Study: Physical stores need ‘near-perfect’ inventory management
Inventory management has emerged as a key factor for operational efficiency within physical stores — and there is almost no room for error in today’s omnichannel marketplace.
That’s one of the findings of a new report from ABI Research, which said that as stores strive to perfect how they serve customers and integrate various shopping and delivery channels, being able to accurately count, control and predict available inventory will become a basic operational requirement.
“Stores which have limited intelligence on the location and quantity of stock at the individual item level cannot expect to adequately serve their customers or successfully execute a competitive omnichannel retail strategy,” said Nick Finill, senior analyst at ABI Research.
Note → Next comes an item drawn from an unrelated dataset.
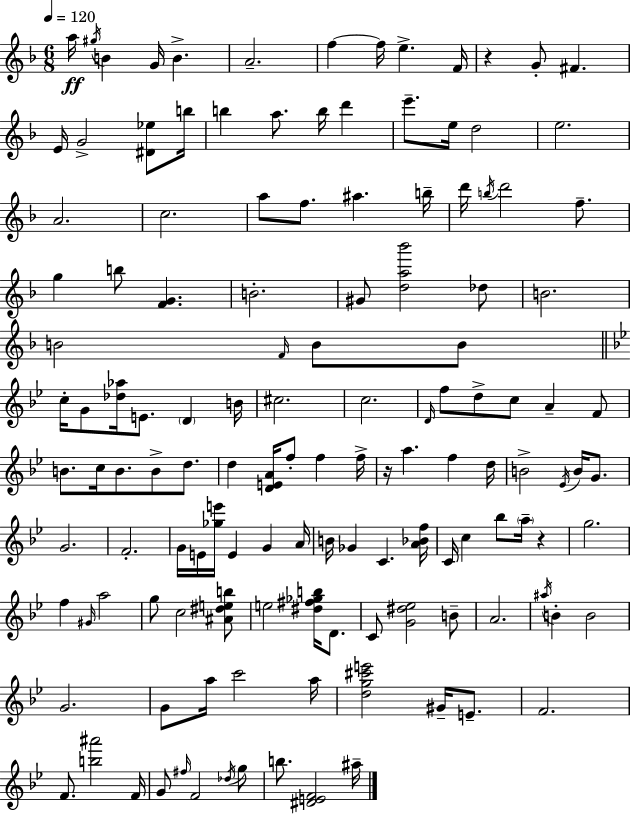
A5/s G#5/s B4/q G4/s B4/q. A4/h. F5/q F5/s E5/q. F4/s R/q G4/e F#4/q. E4/s G4/h [D#4,Eb5]/e B5/s B5/q A5/e. B5/s D6/q E6/e. E5/s D5/h E5/h. A4/h. C5/h. A5/e F5/e. A#5/q. B5/s D6/s B5/s D6/h F5/e. G5/q B5/e [F4,G4]/q. B4/h. G#4/e [D5,A5,Bb6]/h Db5/e B4/h. B4/h F4/s B4/e B4/e C5/s G4/e [Db5,Ab5]/s E4/e. D4/q B4/s C#5/h. C5/h. D4/s F5/e D5/e C5/e A4/q F4/e B4/e. C5/s B4/e. B4/e D5/e. D5/q [D4,E4,A4]/s F5/e F5/q F5/s R/s A5/q. F5/q D5/s B4/h Eb4/s B4/s G4/e. G4/h. F4/h. G4/s E4/s [Gb5,E6]/s E4/q G4/q A4/s B4/s Gb4/q C4/q. [A4,Bb4,F5]/s C4/s C5/q Bb5/e A5/s R/q G5/h. F5/q G#4/s A5/h G5/e C5/h [A#4,D#5,E5,B5]/e E5/h [D#5,F#5,Gb5,B5]/s D4/e. C4/e [G4,D#5,Eb5]/h B4/e A4/h. A#5/s B4/q B4/h G4/h. G4/e A5/s C6/h A5/s [D5,G5,C#6,E6]/h G#4/s E4/e. F4/h. F4/e. [B5,A#6]/h F4/s G4/e F#5/s F4/h Db5/s G5/e B5/e. [D#4,E4,F4]/h A#5/s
The good news is that with computer vision use cases maturing, artificial Intelligence tools becoming more powerful, and RFID technology demonstrating major ROI, retailers are now able to approach 100% inventory accuracy — enabling a transformation of the industry.
For many retailers using traditional inventory counting methods in the apparel, fashion, and soft goods sector, inventory accuracy can drop to around 65%, resulting in a poor experience for shoppers and lost sales, according to the report. Using RFID technology, these retailers can reach near-perfect inventory intelligence at more regular intervals, leading to improved customer satisfaction, reduced shrinkage, and improved sales velocity. In most cases, fashion retailers employing RFID can increase annual revenues by at least 3%.
RFID deployments in the fashion retail sector have demonstrated clear ROI for retailers deploying the technology at scale. ABI Research calculates that an apparel store with annual sales of just under $6 million can realistically achieve a 44% ROI within the first year, with returns increasing to over 200% in the third year.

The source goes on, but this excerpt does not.